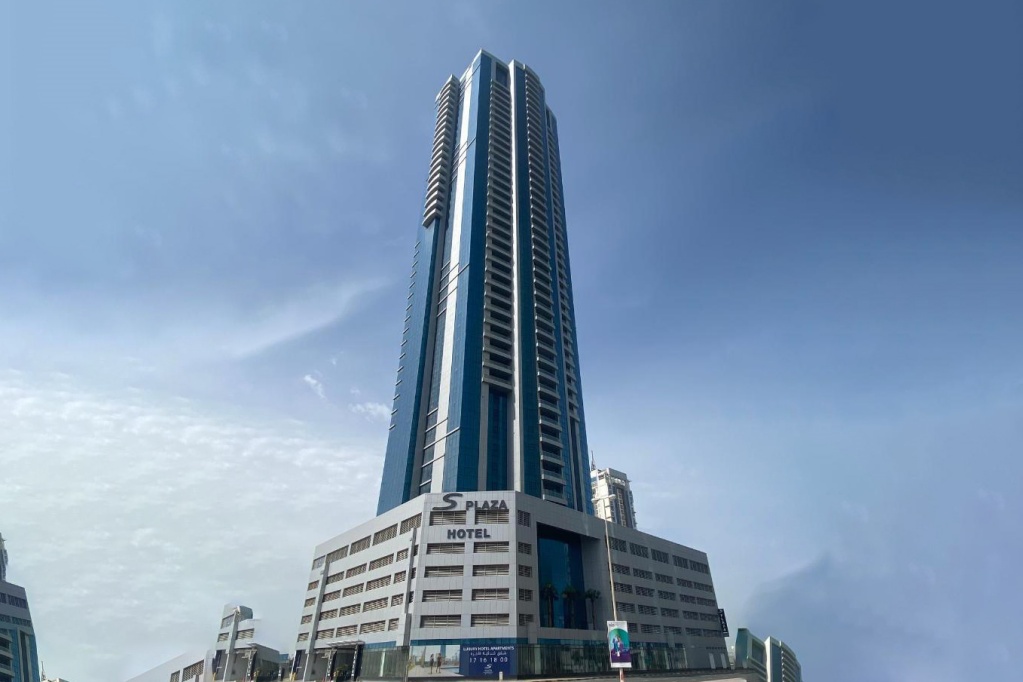 Сьюты С Плаза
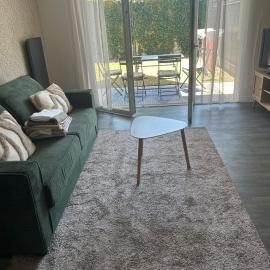APPARTEMENT COSY TERRASSE avec ACCES PISCINE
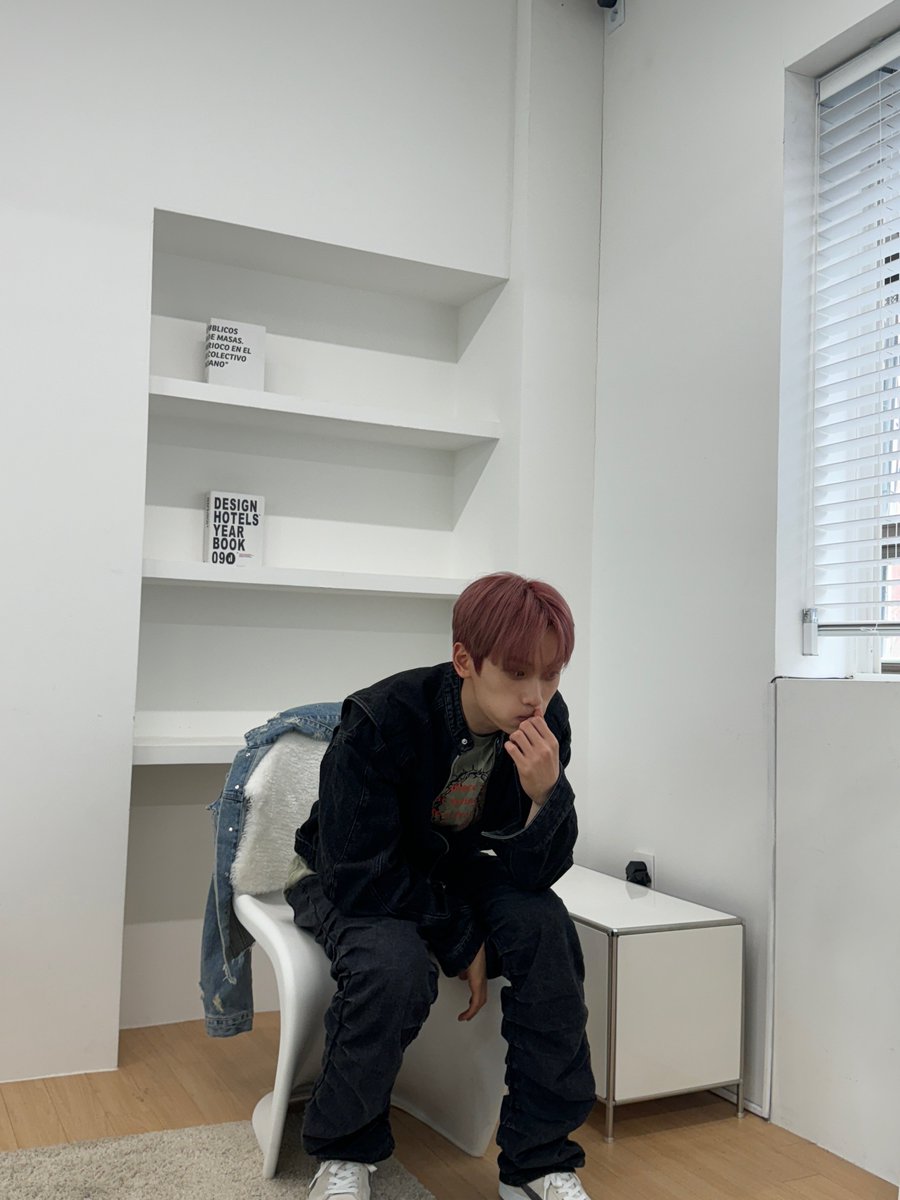 TIOT_NOW's tweet photo. [#준현]
백십오번 고갱님
주문하신 금 머라카노 나왔습니다

#금준현 #KUMJUNHYEON
#TIOT #티아이오티 
#Kick_START #ROCKTHANG https://t.co/Aslrre37i3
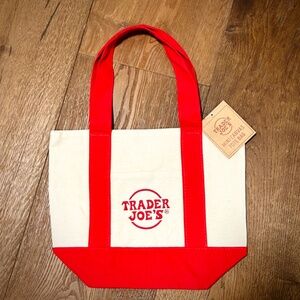 TRADER JOE'S Limited Edition Mini Canvas Tote Bag / Purse  ☆ RED ☆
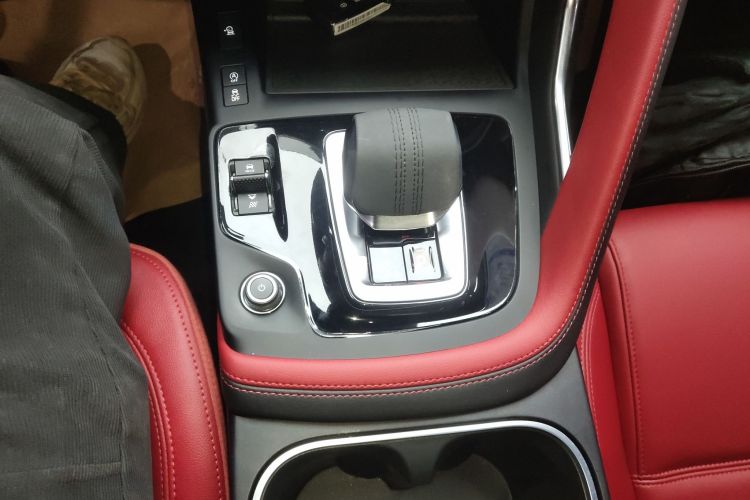 捷豹E-PACE 2024款 进取运动版 R-DYNAMIC S中控内饰18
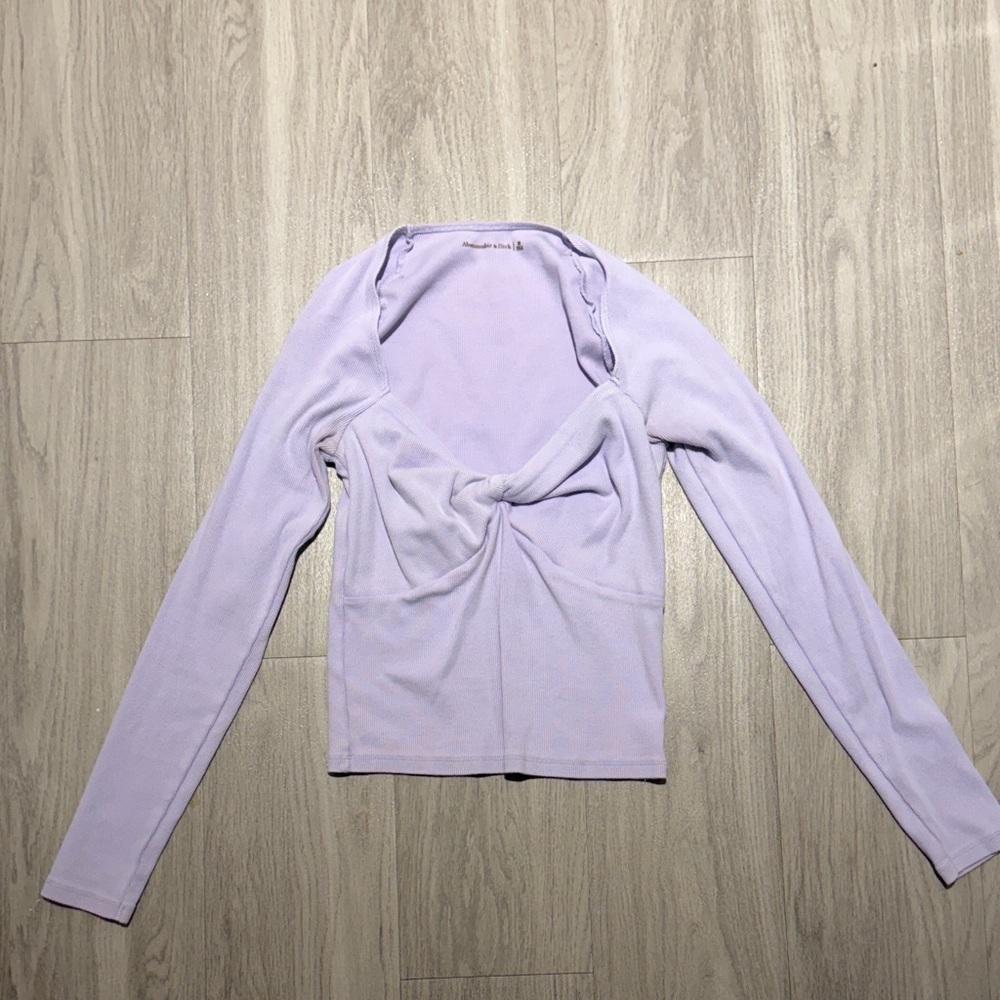 Abercrombie Lavender Long Sleeve Twist Front Top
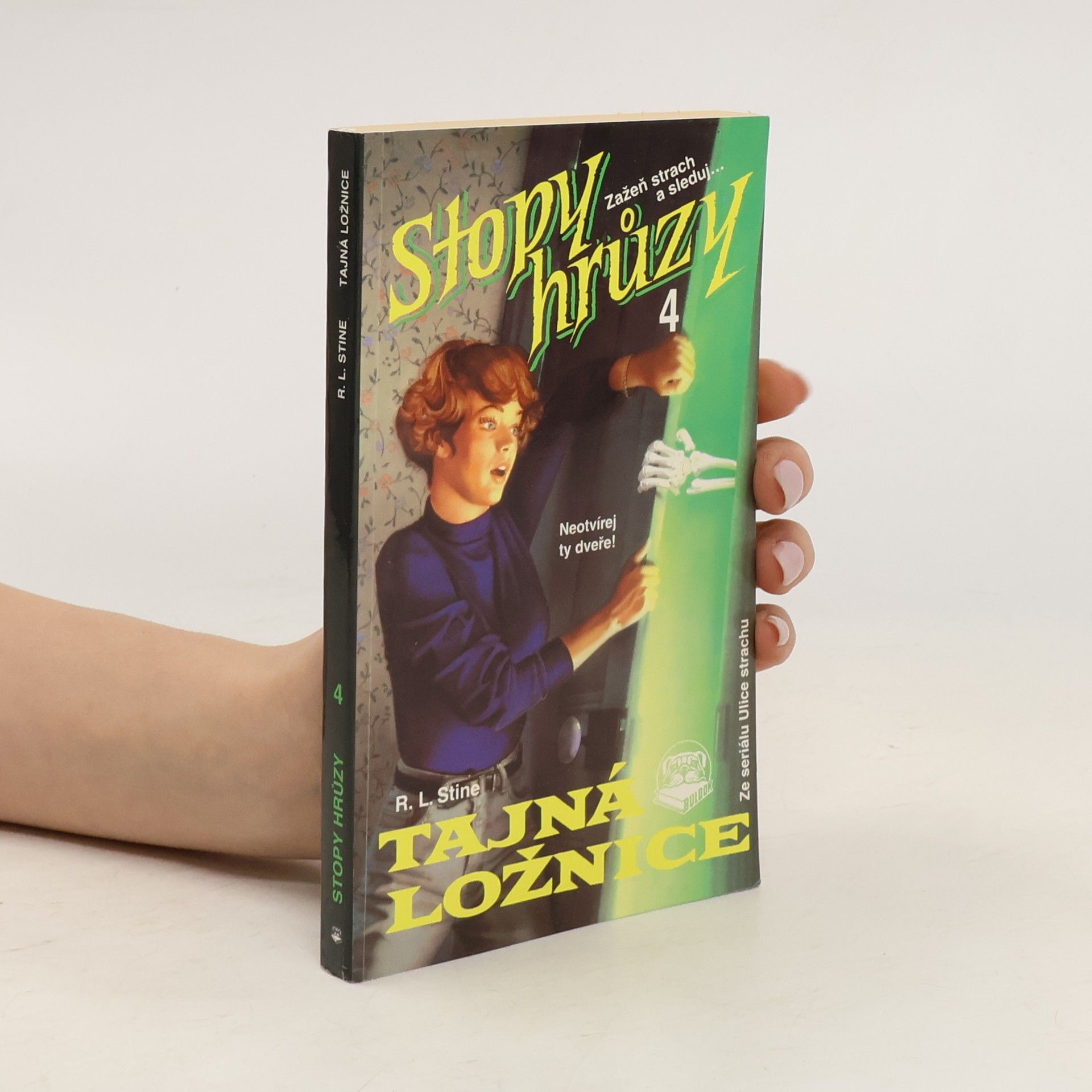 R. L. Stine Tajná ložnice. Stopy hrůzy 4.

*-*-*

### The problem
Exact reproduction is required. Output only the lines from the one with "#Kick_START #ROCKTHANG https://t.co/Aslrre37i3" through the end of the listing above, both ends included, and no pictures.

### Answer space
#Kick_START #ROCKTHANG https://t.co/Aslrre37i3
 TRADER JOE'S Limited Edition Mini Canvas Tote Bag / Purse  ☆ RED ☆
 捷豹E-PACE 2024款 进取运动版 R-DYNAMIC S中控内饰18
 Abercrombie Lavender Long Sleeve Twist Front Top
 R. L. Stine Tajná ložnice. Stopy hrůzy 4.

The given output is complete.